Boost logo

Boost :

Subject: Re: [boost] Proposal for a thread synchronisation primitive: future_queue
From: Gavin Lambert (gavinl_at_[hidden])
Date: 2018-05-09 06:43:34


On 9/05/2018 17:30, Tim Blechmann wrote:
>>> On a second thought, maybe I could even change the implementation of
>>> the future_queue to internally use e.g. the well-known
>>> boost::lockfree queues together with some semaphore to implement the
>>> blocking behaviour. I am not 100% sure yet, but I think all current
>>> features could be implemented by that. Do you think this would
>>> improve the implementation? It might be a bit simpler and maybe even
>>> more efficient in some cases.
>>
>> I would love to see a portable eventcount
>> (http://www.1024cores.net/home/lock-free-algorithms/eventcounts)
>> implementation in Boost.Lockfree.
>
> i'm not sure, if boost.lockfree is a good place for it (is it even
> possible to implement them without relying on system calls, which may
> acquire locks in kernel-space?)

Even the Boost.LockFree queue may not always be lock-free -- eg. if you
push more nodes than the queue's capacity (and it's not fixed_sized) it
will allocate more, which will often take a Big System Lock (though
modern allocators try to use smaller less-contended locks to reduce the
impact).

And these things are usually implemented with a fast-path that does not
perform any kernel operations, and a slow-path that does (along with the
hope that the slow-path is not triggered too often).

As soon as you start talking about wanting to block, you have to involve
the kernel (or a userspace scheduler). This is a choice to gain some
convenience while sacrificing some "lock-free-ness", just like the
choice to use a non-fixed queue.

The basic "lock-free but blocking" expected behaviour is:

   1. If pushing but the queue is full, then block until it isn't
(blocking path)
   2. If a popper is waiting, push and then wake them up (slow-path)
   3. Otherwise just push without kernel operations (fast-path)

And similarly on the consuming end for an empty queue. (And a
non-fixed-size queue might omit step #1 entirely, though still end up
blocking a little if it hits an allocator.)

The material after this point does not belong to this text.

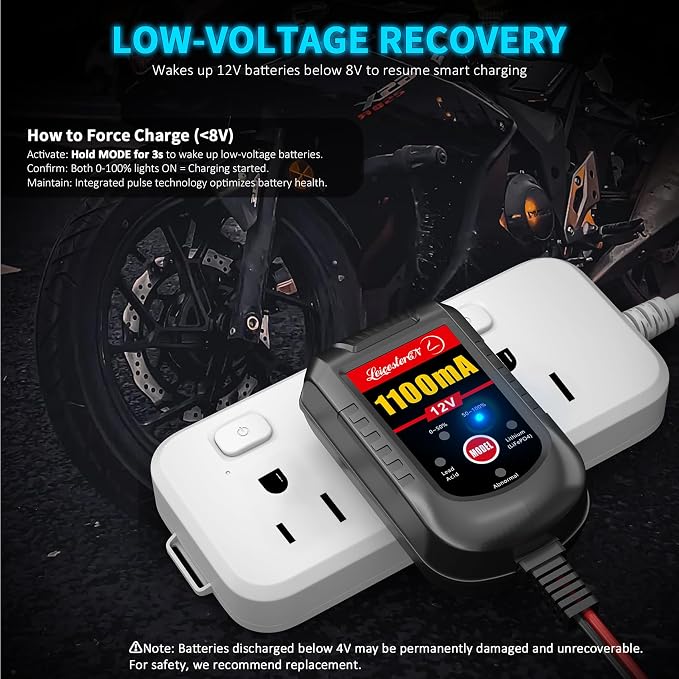 Motorcycle Battery Charger and Maintainer 12V, 1.1Amp Smart Trickle Charger - Automatic Float Charger for Cruiser Sport Bike ATV Scooter Dirt Bike Lawn Mower, LiFePO4 Lithium Lead Acid AGM Gel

The main trick is in the wakeups (and reliably knowing whether someone
is waiting); you can never really avoid making kernel calls to wake up
another thread, but you want to do so only when actually needed (erring
on the side of doing an unnecessary wakeup rather than never doing a
wakeup), and you need to use constructs that (while perhaps not
completely lock-free) are at least wait-free.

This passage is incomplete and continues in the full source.